As the real estate market—and his business’ sales—slowly began to improve, Nolen says improved cash flow allowed him to pay more than the minimum amounts owed on each card. His efforts paid off with his credit score increasing 50 points in January 2011. “I’ll keep working at it,” says Nolen, “and watching that number grow.”
Your credit rating or FICO score, which ranges from 300 to 850 (the higher the better), is based on accumulated information that tells lenders whether or not you’ll pay back your loans on time and in full. A score above 700 is considered good. “A poor credit score can affect different aspects of your life,” says Bill Hampton, general partner with certified public accountant and business consulting firm Bishop, Hampton & Associates L.L.C. Certified Public Accountants and Business Consultants in Atlanta. Landlords look at scores when deciding whether to rent. Insurance companies use them to determine whether or not to provide auto, home, or other types of coverage. Employers even use scores when making hiring decisions.

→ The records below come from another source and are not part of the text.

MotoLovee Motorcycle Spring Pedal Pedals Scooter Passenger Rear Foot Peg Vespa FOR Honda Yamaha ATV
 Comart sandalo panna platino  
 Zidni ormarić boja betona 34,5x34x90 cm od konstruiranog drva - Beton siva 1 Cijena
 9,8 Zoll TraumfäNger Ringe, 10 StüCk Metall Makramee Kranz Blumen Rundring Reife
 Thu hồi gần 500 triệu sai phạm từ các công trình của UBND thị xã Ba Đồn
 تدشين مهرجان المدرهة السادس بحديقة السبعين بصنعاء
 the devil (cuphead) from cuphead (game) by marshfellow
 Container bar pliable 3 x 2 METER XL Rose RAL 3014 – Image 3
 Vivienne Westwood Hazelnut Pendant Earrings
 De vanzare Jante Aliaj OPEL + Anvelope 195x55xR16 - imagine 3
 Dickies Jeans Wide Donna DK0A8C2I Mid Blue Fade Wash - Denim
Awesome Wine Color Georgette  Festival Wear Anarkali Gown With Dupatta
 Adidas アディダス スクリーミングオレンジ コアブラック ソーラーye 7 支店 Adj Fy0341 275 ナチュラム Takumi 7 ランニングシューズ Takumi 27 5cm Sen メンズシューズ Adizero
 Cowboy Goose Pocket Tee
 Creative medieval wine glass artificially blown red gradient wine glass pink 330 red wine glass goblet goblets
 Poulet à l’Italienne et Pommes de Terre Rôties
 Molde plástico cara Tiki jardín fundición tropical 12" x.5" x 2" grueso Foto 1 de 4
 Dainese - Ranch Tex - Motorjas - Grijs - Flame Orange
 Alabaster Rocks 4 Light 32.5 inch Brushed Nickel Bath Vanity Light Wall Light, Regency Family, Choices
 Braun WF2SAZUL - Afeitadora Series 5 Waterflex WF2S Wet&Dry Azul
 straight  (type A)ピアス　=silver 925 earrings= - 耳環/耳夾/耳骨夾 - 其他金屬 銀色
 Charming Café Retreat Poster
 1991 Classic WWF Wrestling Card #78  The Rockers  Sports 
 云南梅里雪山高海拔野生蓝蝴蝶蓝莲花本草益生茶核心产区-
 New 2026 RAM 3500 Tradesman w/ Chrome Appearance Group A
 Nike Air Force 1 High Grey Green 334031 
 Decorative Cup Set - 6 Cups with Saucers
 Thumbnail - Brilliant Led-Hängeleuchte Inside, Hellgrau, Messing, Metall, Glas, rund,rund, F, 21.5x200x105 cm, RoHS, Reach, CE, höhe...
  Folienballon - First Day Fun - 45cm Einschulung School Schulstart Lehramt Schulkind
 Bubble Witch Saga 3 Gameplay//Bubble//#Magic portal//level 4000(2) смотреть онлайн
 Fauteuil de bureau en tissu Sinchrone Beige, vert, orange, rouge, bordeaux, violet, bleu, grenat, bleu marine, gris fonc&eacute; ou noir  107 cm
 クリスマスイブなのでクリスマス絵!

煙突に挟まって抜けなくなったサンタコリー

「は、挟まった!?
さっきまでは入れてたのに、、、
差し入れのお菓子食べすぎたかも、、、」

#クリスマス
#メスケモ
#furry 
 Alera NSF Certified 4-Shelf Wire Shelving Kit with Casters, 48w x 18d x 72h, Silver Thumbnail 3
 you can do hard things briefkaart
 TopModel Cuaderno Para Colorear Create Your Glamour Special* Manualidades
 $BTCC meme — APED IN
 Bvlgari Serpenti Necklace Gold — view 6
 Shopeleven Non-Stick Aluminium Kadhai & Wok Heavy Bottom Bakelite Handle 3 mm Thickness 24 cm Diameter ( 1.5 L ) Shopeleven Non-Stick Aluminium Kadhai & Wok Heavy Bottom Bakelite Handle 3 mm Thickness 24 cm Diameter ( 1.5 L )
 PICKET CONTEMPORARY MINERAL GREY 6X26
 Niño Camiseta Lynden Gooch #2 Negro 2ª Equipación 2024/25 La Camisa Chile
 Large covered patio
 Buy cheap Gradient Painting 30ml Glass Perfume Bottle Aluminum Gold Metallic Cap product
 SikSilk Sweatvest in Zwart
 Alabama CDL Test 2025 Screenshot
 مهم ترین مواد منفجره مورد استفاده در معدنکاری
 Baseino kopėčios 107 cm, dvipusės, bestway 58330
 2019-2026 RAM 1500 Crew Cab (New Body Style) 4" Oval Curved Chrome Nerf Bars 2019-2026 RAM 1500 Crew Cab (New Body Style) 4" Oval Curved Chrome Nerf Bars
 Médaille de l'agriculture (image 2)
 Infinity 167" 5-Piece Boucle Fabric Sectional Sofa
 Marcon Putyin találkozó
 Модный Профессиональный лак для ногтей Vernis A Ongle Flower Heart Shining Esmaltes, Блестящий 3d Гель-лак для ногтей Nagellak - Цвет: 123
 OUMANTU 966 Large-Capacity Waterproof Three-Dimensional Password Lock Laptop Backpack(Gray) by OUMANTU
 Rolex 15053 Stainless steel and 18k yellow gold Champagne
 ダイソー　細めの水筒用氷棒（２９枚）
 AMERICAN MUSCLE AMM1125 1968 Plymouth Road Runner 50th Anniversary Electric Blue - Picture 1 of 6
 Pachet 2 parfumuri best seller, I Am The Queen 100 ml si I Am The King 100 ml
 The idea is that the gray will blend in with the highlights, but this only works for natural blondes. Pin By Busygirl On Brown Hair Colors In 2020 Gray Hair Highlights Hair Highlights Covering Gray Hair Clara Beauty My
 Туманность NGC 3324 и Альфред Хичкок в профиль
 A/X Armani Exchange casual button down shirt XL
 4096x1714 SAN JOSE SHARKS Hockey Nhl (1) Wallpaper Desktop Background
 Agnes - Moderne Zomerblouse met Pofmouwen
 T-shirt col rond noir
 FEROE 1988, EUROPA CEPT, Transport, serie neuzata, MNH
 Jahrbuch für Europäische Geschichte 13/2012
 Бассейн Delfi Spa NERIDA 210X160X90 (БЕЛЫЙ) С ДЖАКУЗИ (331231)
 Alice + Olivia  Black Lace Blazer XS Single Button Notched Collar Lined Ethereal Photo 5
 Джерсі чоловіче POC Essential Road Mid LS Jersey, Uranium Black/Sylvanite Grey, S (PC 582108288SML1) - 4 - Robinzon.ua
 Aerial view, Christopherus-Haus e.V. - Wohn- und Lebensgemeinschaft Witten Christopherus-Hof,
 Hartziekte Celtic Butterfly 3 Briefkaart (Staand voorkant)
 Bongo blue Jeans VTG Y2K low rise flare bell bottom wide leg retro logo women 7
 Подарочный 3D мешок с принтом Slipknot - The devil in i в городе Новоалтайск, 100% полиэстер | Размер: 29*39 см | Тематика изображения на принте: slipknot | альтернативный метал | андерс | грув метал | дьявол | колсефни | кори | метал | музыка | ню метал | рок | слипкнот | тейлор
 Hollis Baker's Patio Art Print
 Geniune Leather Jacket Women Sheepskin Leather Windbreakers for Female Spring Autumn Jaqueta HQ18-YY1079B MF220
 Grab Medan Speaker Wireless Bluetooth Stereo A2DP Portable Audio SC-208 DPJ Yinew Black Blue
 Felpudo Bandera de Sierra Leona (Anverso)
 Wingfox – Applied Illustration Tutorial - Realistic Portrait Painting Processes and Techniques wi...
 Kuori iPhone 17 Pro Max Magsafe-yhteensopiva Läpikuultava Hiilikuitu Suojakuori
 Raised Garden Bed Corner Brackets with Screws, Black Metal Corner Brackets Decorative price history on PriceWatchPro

The negative impact can go beyond the one-time denial. “From a long-term perspective,” says Robbie Hampton, managing partner at Bishop, Hampton & Associates, “paying higher rates to finance companies and lenders decreases your wealth and ability to pass assets down to future generations.”
There are ways that you can better manage your debt and improve your credit rating. Several personal finance tools and mobile apps provide monthly credit score updates plus track spending and saving. Here are four worth checking out.
1. Equifax offers a free app that allows you to track your credit score and handle other tasks from an iPhone, iPad, or Android phone. Using your phone’s GPS location, this app also shows you how your credit measures up to others in your area and alerts you to key credit file changes.